Prodigiosa es su recreación de la Inglaterra de la segunda mitad
del XIX. Magnífico su dominio de la trama, que nos va envolviendo
en una red de la que no queremos ni podemos librarnos. Brillante el
lenguaje y el estilo. Evocadores esos ecos de literatura de género
(el terror, el gótico, el fantástico, la novela policial, el
erotismo...). Pero, por encima de todo, magníficos sus retratos de
personajes femeninos. Hondos, contradictorios, desesperadamente
humanos.
"Falsa identidad" (Fingersmith) es el título de las novelas que he
leído. El libro arranca como una historia de pícaros y delincuentes
en el East End, muy al estilo de Oliver Twist. Poco
después creemos habernos sumergido en una novela de Charlotte
Brontë, con mansiones y misterios, y personajes que ocultan
oscuros secretos. Después vivimos una arrebatada historia de amor
lésbico. Luego un relato de aventuras e infortunios. Y después la
novela es todo eso y muchas cosas más. Una narración que cambia y
se renueva en cada capítulo, que entretiene de un modo
extraordinario y que, página tras página, plantea nuevos desafíos
para el lector exigente. Uno de esos libros que uno no querría
acabar nunca.
La historia de "Afinidad" es más sencilla, pero sólo en
apariencia. La trama desarrolla la pasión que la visitadora de una
cárcel de mujeres siente por una de las presas. La primera es una
joven dama de la alta sociedad londinense, una mujer atormentada
por la pérdida de su padre, de quien dependía intelectual y
afectivamente, y por la traición de una amiga con la que ha
mantenido una relación amorosa. La reclusa de la que se enamora es
una hermosa muchacha que ejercía como médium, y que ha acabado
entre rejas por un turbio asunto cuya naturaleza real se nos revela
poco a poco. La historia se cuenta en clave intimista y lineal a
través del diario de la dama (Margaret Prior), aunque se nos
ofrecen también algunos retazos del pasado en las páginas del
diario de la joven espiritista (Selina Dawes). A pesar de la
narración detallada y polifónica, durante todo el transcurso de la
historia tenemos la impresión de que algo se nos escapa, algo
oscuro y terrible que parece acechar bajo las revelaciones de las
dos protagonistas. La novela nos cautiva por su tersura y su
delicadeza, pero no podemos evitar sentirnos amenazados por los
fantasmas que adivinamos al final del camino. Tan sólo podemos ver
su sombra, pero nos basta para saber que están allí. Una historia
de una inmensa fuerza trágica disfrazada de novela sentimental. Un
lobo con piel de cordero.
Sarah Waters
es una poderosa narradora, no tanto por el tema central de su obra
(el amor entre mujeres) sino por el modo originalísimo en que lo
aborda. La autora no se conforma con tratar un asunto de moda desde
una perspectiva contemporánea (la literatura de consumo y las
comedias televisivas ya se han encargado de hacerlo). Waters nos
traslada a otra época en que la condición de homosexual o lesbiana
equivalía la muerte social (y muchas veces también a la cárcel),
por tanto, había de vivirse en la clandestinidad más absoluta. Esta
amenaza añade fuerza y dimensión trágica a sus historias. Al mismo
tiempo, la autora posee la capacidad de ramificar sus tramas hasta
hacer de ellas auténticos laberintos, perfectos mecanismos de
relojería. Mientras tanto, nos deja oír la suave música de un modo
de narrar que creíamos perdido para siempre.
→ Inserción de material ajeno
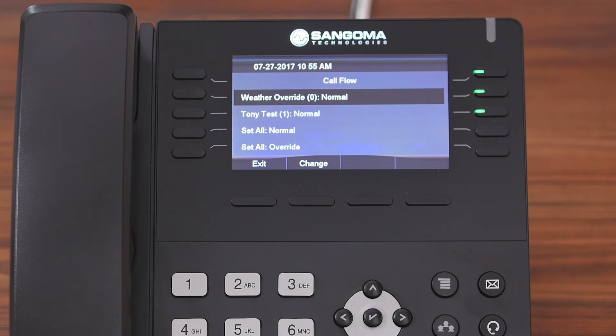And that's how you use the call flow control application on a Sangoma phone. I hope this was helpful. Thanks for watching.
La crítica a menudo encuadra a Sarah Waters dentro de la narrativa
homosexual, y no dudo que haya motivos para ello (la propia autora
lo fomenta con su compromiso vital y político). Sin embargo, más
allá de catalogaciones, Waters es un exquisito regalo para
cualquier lector que ame el arte de narrar, tanto en su presente
como en su tradición.
Además (y que esto quede entre nosotros) es la novelista que a
muchos escritores nos gustaría llegar a ser.